Half-width of the window in years.

required

Returns:

Type Description

Dict mapping {day_of_year: np.array of LogQ values}.

Source code in wrtds/trends.py
def bin_qs_windowed(daily, center_year, window_side):
    """Group historical log-discharge by day-of-year within a time window.

    Like :func:`~wrtds.flow_norm.bin_qs` but restricted to years within
    ``[center_year - window_side, center_year + window_side]``.

    Args:
        daily: Populated daily DataFrame.
        center_year: Centre year of the window (integer or decimal year).
        window_side: Half-width of the window in years.

    Returns:
        Dict mapping ``{day_of_year: np.array of LogQ values}``.
    """
    dec_year = daily['DecYear'].values
    mask = (dec_year >= center_year - window_side) & (dec_year <= center_year + window_side)
    return bin_qs(daily.loc[mask])

run_pairs(sample, daily, year1, year2, window_side=7, pa_start=10, pa_long=12, fit_params=None)

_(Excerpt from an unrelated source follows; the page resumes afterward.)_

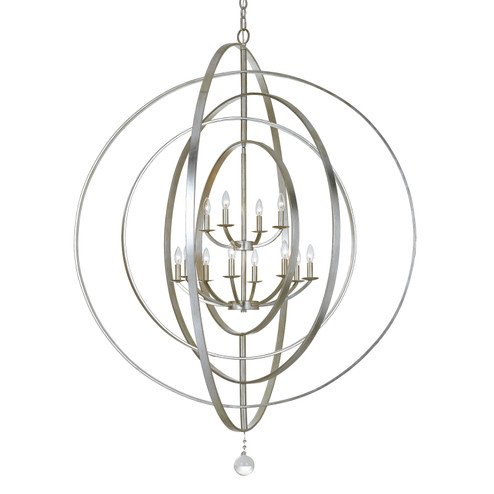 Luna 12 Light Chandelier in Antique Silver (60|590SA)
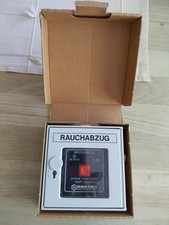 Hautau Feuertaster FR 24/E Si Grau Rauchabzug Taster Steuergerät Aufputz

Compare flow-normalised values between two specific years.

Estimates separate 1-year surfaces for year1 and year2, then decomposes the total change into a CQTC (concentration-discharge trend component) and a QTC (discharge trend component).

The notation xAB means:

  • A = which year's C-Q surface (1 = year1, 2 = year2)
  • B = which flow distribution (0 = stationary / full record, 1 = year1's window, 2 = year2's window)

Parameters:

Name Type Description Default
sample

Populated sample DataFrame.

required
daily

Populated daily DataFrame.

required
year1

First comparison year.

required
year2

Second comparison year.

required
window_side

Half-window for generalized flow normalisation (years). Use 0 for stationary flow normalisation only.

7
pa_start

Period of analysis start month (10 = water year).

10
pa_long

Period of analysis length in months.

12
fit_params

Dict of regression parameters (window_y, window_q, window_s, min_num_obs, min_num_uncen, edge_adjust).

None

Returns:

Type Description

DataFrame with index ['Conc', 'Flux'] and columns

['TotalChange', 'CQTC', 'QTC', 'x10', 'x11', 'x20', 'x22'].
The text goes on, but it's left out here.